Internal combustion engines typically include an arrangement of pistons and cylinders located within an engine block. In a four stroke engine, each cylinder has at least two valves. These valves control the flow of air to the combustion cylinders and allow for venting of combustion exhaust gasses. A simple valve arrangement includes an intake valve and an exhaust valve, each actuated by a valve train. The valve train typically includes a camshaft with cam followers that actuate respective pushrods and rocker assemblies. The rocker assemblies in turn actuate respective intake and exhaust valves.

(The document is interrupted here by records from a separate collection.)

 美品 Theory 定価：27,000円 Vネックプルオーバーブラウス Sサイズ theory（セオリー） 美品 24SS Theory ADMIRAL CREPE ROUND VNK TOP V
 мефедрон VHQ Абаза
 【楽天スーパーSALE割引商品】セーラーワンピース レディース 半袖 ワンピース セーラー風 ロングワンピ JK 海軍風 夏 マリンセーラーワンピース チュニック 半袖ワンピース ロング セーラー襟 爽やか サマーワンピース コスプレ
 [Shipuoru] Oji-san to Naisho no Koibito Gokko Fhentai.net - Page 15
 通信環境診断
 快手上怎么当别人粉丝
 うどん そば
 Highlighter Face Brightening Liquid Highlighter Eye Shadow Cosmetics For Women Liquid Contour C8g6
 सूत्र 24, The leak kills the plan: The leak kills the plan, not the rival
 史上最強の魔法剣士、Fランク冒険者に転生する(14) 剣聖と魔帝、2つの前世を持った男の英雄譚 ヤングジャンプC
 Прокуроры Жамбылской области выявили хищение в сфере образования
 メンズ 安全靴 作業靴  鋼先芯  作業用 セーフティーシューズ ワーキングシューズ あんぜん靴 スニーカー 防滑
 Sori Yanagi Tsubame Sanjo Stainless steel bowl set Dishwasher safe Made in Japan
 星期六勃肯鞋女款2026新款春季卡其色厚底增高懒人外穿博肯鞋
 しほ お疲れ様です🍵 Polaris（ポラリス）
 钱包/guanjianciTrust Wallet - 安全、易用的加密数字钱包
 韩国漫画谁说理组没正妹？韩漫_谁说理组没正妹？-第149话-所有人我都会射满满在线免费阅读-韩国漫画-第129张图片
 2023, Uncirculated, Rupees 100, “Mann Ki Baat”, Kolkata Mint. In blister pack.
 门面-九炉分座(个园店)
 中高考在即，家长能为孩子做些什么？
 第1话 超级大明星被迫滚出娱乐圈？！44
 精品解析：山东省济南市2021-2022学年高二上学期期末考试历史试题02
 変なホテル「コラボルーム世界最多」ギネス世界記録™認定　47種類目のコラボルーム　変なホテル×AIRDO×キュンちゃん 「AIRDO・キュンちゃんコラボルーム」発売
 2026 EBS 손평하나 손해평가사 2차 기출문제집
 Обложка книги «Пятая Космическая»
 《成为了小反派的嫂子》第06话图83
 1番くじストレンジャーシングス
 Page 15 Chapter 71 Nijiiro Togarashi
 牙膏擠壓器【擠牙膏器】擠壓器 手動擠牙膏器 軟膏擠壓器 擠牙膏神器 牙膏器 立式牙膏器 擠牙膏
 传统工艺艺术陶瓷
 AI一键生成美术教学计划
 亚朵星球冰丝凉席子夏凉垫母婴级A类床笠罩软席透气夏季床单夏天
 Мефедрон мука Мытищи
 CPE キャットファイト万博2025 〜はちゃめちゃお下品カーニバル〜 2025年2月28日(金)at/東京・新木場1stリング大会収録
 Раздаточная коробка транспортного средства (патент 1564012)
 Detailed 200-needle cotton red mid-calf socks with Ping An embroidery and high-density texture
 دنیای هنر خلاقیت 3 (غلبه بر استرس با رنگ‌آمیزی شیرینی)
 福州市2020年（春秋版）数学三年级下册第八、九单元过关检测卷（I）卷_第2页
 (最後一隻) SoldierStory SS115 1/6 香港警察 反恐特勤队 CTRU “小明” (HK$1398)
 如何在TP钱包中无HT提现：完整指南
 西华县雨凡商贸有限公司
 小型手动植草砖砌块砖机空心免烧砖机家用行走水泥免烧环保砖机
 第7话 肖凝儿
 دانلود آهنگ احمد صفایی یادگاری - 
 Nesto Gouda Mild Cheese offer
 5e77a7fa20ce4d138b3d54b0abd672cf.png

Though unlikely, it is possible that during operation of the valve train, a failure may occur in one of the various components. One such failure could include a mistimed event. A mistimed event may occur when the intake valve in an engine employing cylinder deactivation is inadvertently reactivated before the activation of the exhaust valve. In this scenario, the intake valve is forced open against combustion and exhaust gasses under large amounts of pressure. These gasses may create as much as 19.5 kN of force and cause failures in expensive and/or difficult to replace components within the valve train or engine. Accordingly, it is desirable that the valve train is designed to fail at controlled locations in order to prevent more extensive damage to the valve train and/or engine during a mistiming event

SUMMARY

In one aspect of the present invention, a valve train for use in an engine is provided. The valve train includes a rocker arm assembly having a valve side arm and a cam side arm. A valve is coupled to the engine and is in contact with the valve side arm. A pushrod is reciprocatable by a camshaft and is in contact with the cam side arm. An overload feature is located on at least one of either the rocker arm assembly or the pushrod. The overload feature has a reduced cross-sectional area calibrated to activate at a predefined load.

In another aspect of the present invention, the overload feature is located on the pushrod.

In yet another aspect of the present invention, the pushrod includes a first wall portion with a first thickness and a second wall portion within the overload feature with a second thickness, and wherein the second thickness is less than the first thickness.

In yet another aspect of the present invention, the second wall portion is located proximate to an end of the pushrod that contacts the cam side lever arm.

In yet another aspect of the present invention, the rocker arm assembly includes an annular extension that defines a bore, and the overload feature includes a first slot and a second slot located on the annular extension.

In yet another aspect of the present invention, the first slot and the second slot are located on opposite sides of the annular extension.

In yet another aspect of the present invention, the first slot reduces a cross-sectional area through the annular extension a first amount and the second slot reduces a cross-sectional area through the annular extension a second amount that is different than the first amount.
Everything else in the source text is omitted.